L'invenzione dei Fori Imperiali, Musei Capitolini (Roma)


8月2日、ローマ旅行の最終日に訪れたカピトリーニ美術館では、「L'invenzione dei Fori Imperiali, demolizioni e scavi : 1924-1940(フォリ・インペリアーリの発明、破壊と発掘:1924年〜1940年)」と題された企画展が開催されていた。考古学や古代の「再生」に絡み付いた政治的な力学や、発掘という作業が都市に同時にもたらす蘇生と破壊といったものが浮き彫りになっていて、面白い展示だった。

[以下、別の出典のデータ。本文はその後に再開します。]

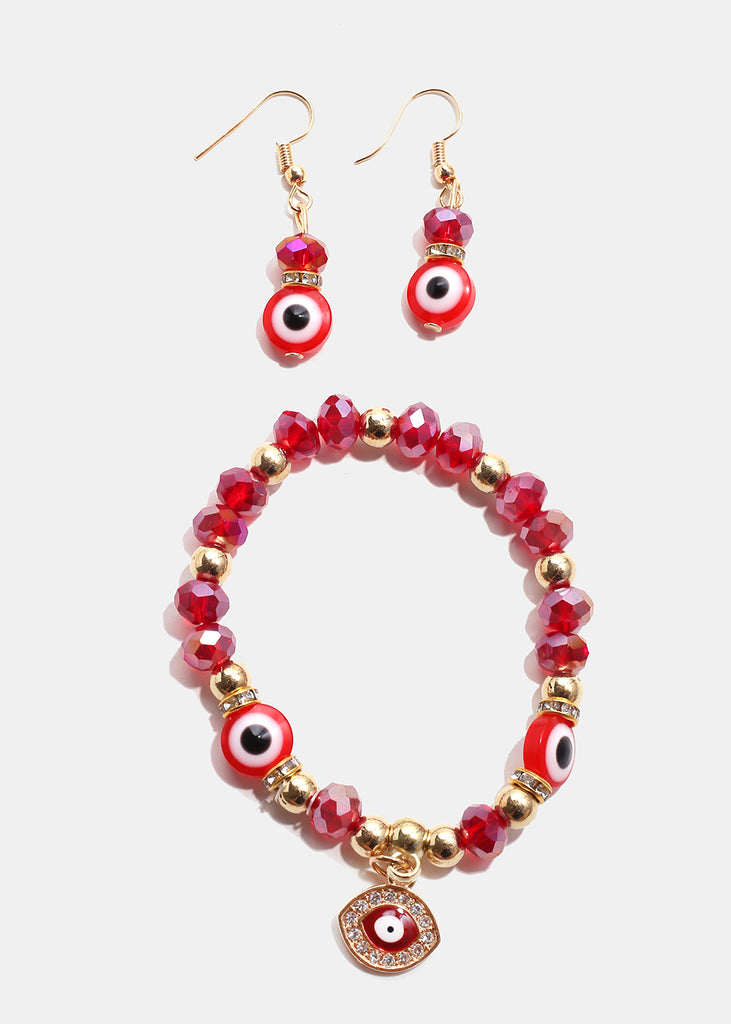 Colorful Evil Eye Bracelet & Earring Set G. Red JEWELRY - Shop Miss A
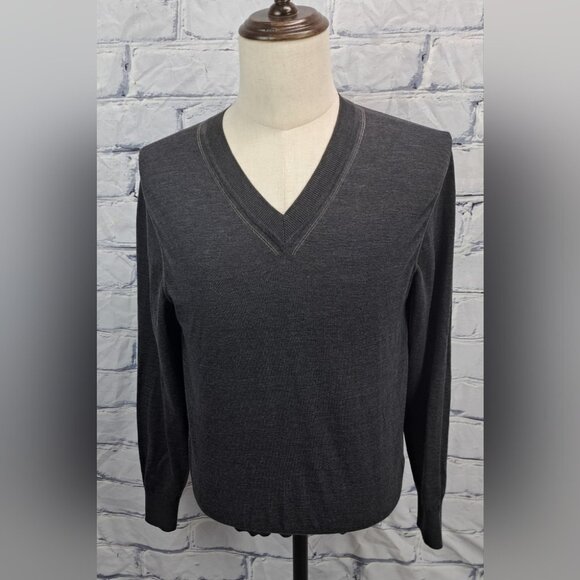 Christian Dior Men's V-Neck Sweater Pullover Ribbed100% Wool Gray Italy Small - Picture 1 of 16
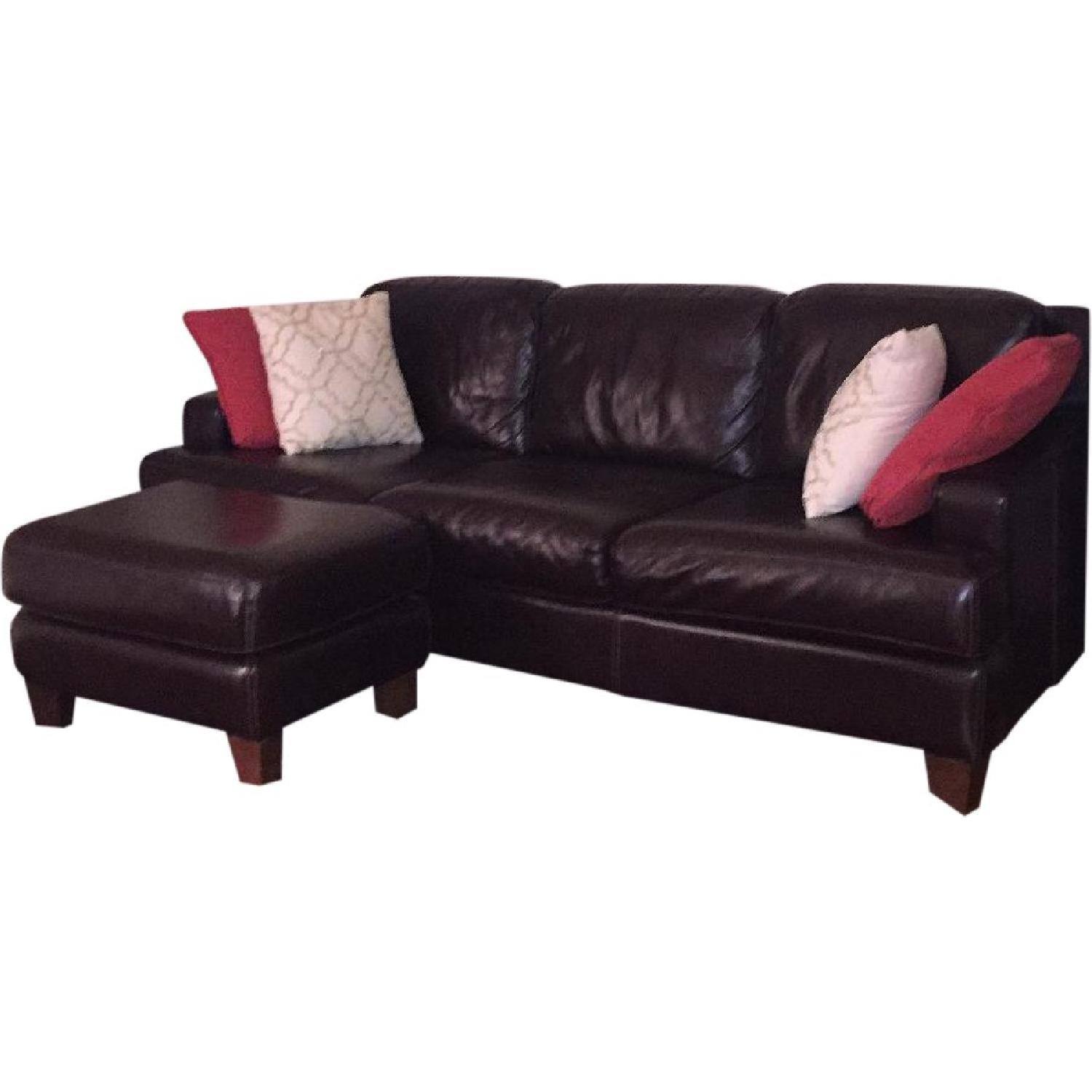 Macy's Chateau D'ax Brown Leather Sofa & Ottoman AptDeco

http://www.museicapitolini.org/mostre_ed_eventi/mostre/l_invenzione_dei_fori_imperali
フォリ・インペリアーリとはフォロ・ロマーノの北東に位置する遺跡群。カエサルアウグストゥス古代ローマ歴代皇帝が築いたフォロ(フォーラム)の集積である。

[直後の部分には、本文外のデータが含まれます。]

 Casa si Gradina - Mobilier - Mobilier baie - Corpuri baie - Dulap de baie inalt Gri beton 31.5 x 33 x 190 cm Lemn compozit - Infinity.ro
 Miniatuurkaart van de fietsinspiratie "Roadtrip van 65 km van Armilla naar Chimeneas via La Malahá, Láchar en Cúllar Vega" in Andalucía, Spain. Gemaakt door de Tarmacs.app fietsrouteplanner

展示されていたのは、発掘作業が進む当時の遺跡付近の街並を描写した風景画や写真、それから発掘現場の写真、取り壊された建築物に付随していた美術品といったもの。
ルネサンス以降の平穏な街並が破壊され、地面に開いた巨大な穴からは古代の遺構が姿を現す。現在、観光名所として見ることのできる遺跡は、既に破壊された(完了形)、もはや静止した構築物だが、ここに展示されている写真に写されているのは、現在進行形の都市の破壊作業である。地中の遺跡が姿を現し、当時の姿を取り戻していくのと同時に、当時の都市環境は倒壊させられて消滅していく。「古代帝国の栄光」という古層に眠る記憶の想起のために、ルネサンスからファシズム以前までの記憶の蓄積は破壊され、抹消されるのだ。ひとつの想起とひとつの忘却が背中合わせとなっている。

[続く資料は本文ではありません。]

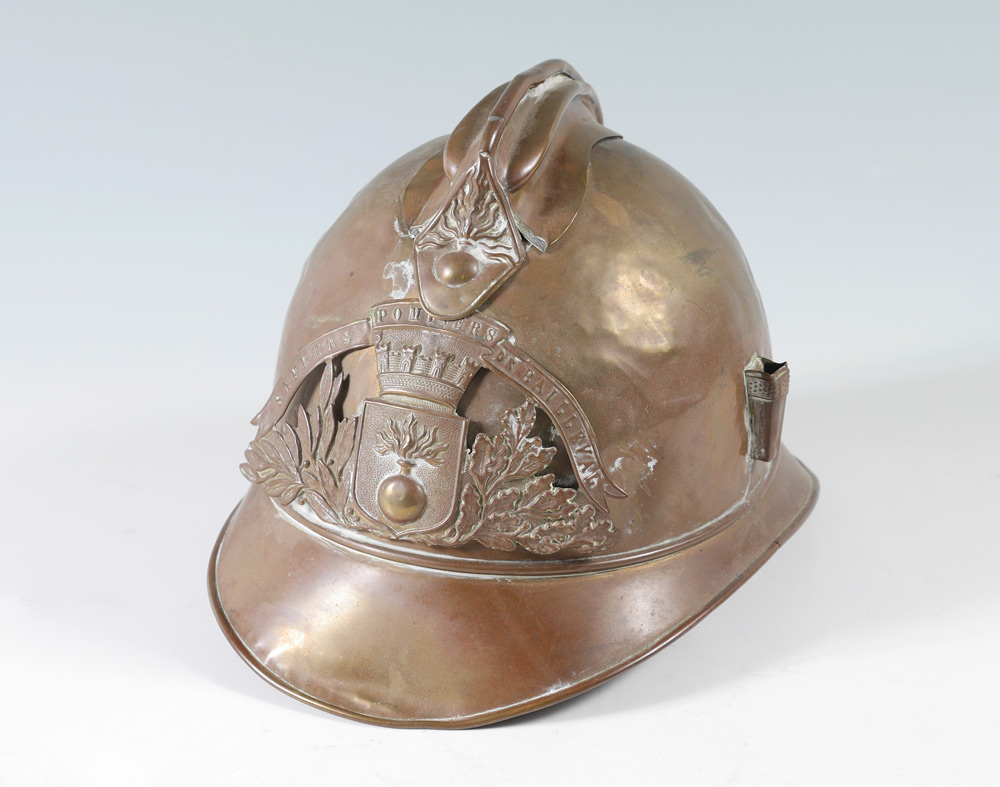 Appraisal: BRASS FRENCH FIREMAN'S HELMET Late th to early th century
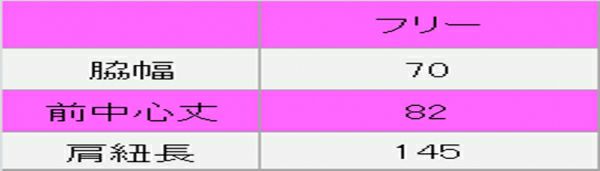 退色防止胸当てエプロン　サイズ表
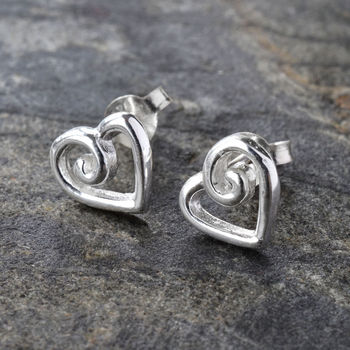 Sterling Silver Delicate Spiral Heart Earrings, 4 of 7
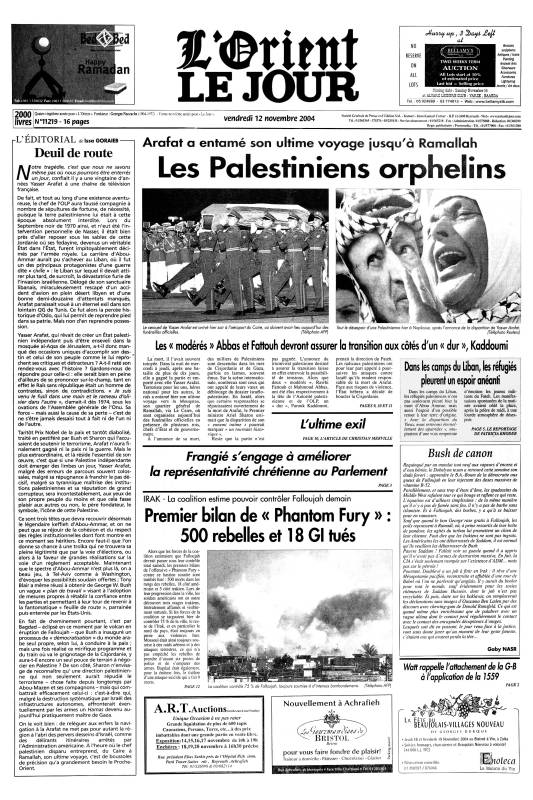 « Les Palestiniens orphelins » : Décès de Yasser Arafat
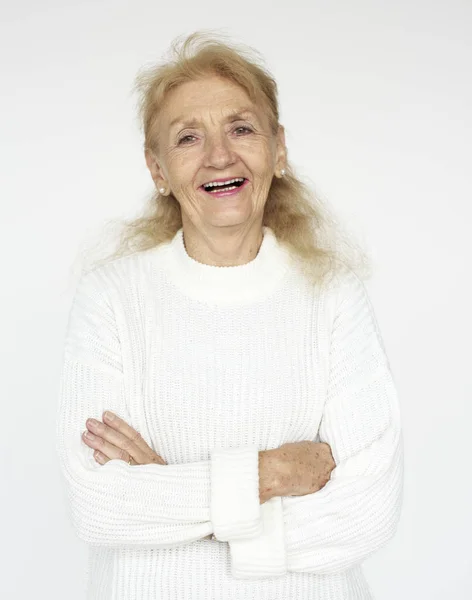 Felice donna adulta anziana — Foto Stock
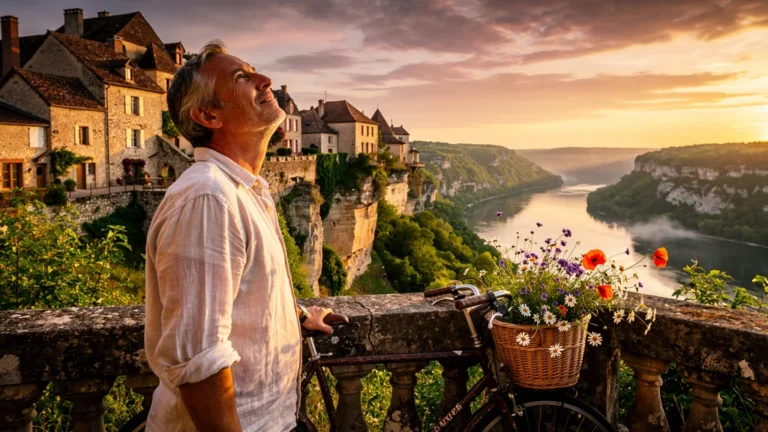 Vue spectaculaire du soir à Saint-Cirq-Lapopie au-dessus du Lot avec Gustave, coucher de soleil et village médiéval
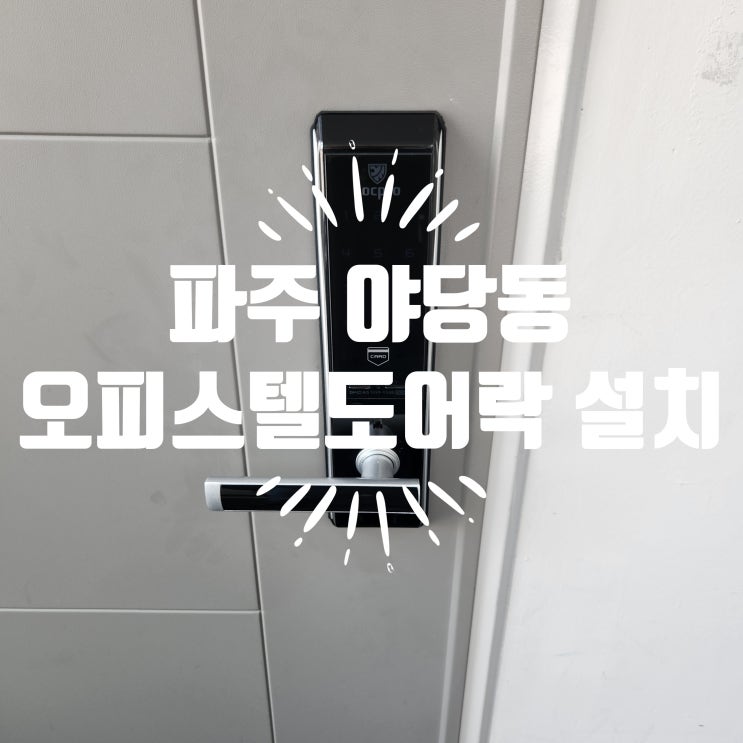 파주 야당동도어락 월드스테이오피스텔 락프로 K300 교체 설치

当時の発掘現場の写真を見ていると、ローマ遺跡というのは「下部構造」なのだと実感する。下へ下へと向かう世界というか。そう言えばピラネージの興味も、ローマ遺跡の中でもとりわけ水道橋の橋脚や、道路の舗装、柱の基礎部分といった、都市や建築の下部構造にある。
以下は展覧会入口パネルの訳出。

イタリア王国の首都となってから数十年が経った1870年には、ローマの数百年の歴史を持つ都市構造は大きく変貌していた。1920〜30年代には「総統(Governatorato=ムッソリーニ)」主導の計画が遂行され、古代ローマ遺跡の発掘を目的として、都市の破壊と発掘が組織的に行われた。古代ローマの後継者を自認していた当時の政権は、その栄光の復興を望んだのである。1924年から1940年にかけて、アウグストゥス帝、トラヤヌス帝、カエサル、ネルヴァのフォロの遺構が掘り返され、個々の遺構を結びつけるように「皇帝通り(via dell'Impero)」と呼ばれる新道路が作られた。このような作業は、ルネサンス期に形成されたアレッサンドリーノ地区の破壊をもたらした。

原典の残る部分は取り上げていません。